Great point, Alaskan. In total agreement. Those speeds are not wise, especially on a “Frank-en-Bike”.
 

Alaskan

Well-Known Member
#17
I took my Riese & Muller Delight Mountain down a long steep hill with no other cars in sight on pavement that was in good shape. I let it roll up to almost 41mph. This is a bike with Fox front and rear suspension, 27.5 x 2.4 Super Moto X tires and a frame built to carry two 500 watt batteries. The force of air resistance at that speed was impressive. I really felt vulnerable sitting in a moderate upright position. In crouching down closer to the handlebars, I experienced a real loss of leverage on the handlebars and awkwardness with hand/arm angle. I could not even imagine doing this speed regularly on a home-built bike and feeling anything other than kamikaze foolhardy.
 

Alaskan

Well-Known Member
#19
Talk all you want. Others are free to do the same. If you don't want your ideas challenged, don't post them on a forum. It is a dialectic and hopefully a learning process.
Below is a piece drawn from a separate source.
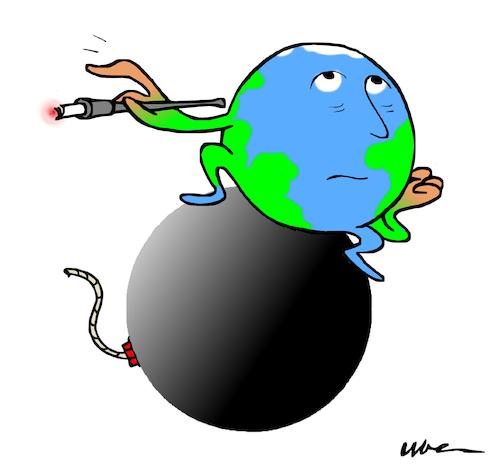 Cartoon: JUST LITTLE (medium) by uber tagged beirut,lebanon,explosion,beirut,lebanon,explosion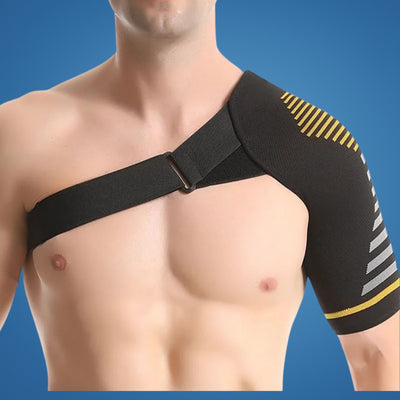 FlexShoulder | Shoulder Support Brace – Pain Relief & Joint Stability – Adjustable Breathable Compression Sleeve – Sports & Daily Wear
Nothing quite so effective for growth and change than having to defend one's ideas.
 
#20
I learned a long time ago little comes from trying to justify one's desires on the internet while simply searching for information--as opposed to advocatoring for it--and will simply accept this just may be the wrong crowd for such discussion :) . That's totally fine; I wouldn't expect to go to a hypermiling forum and expect anyone to entertain questions about how to add a turbocharger. But, now we know!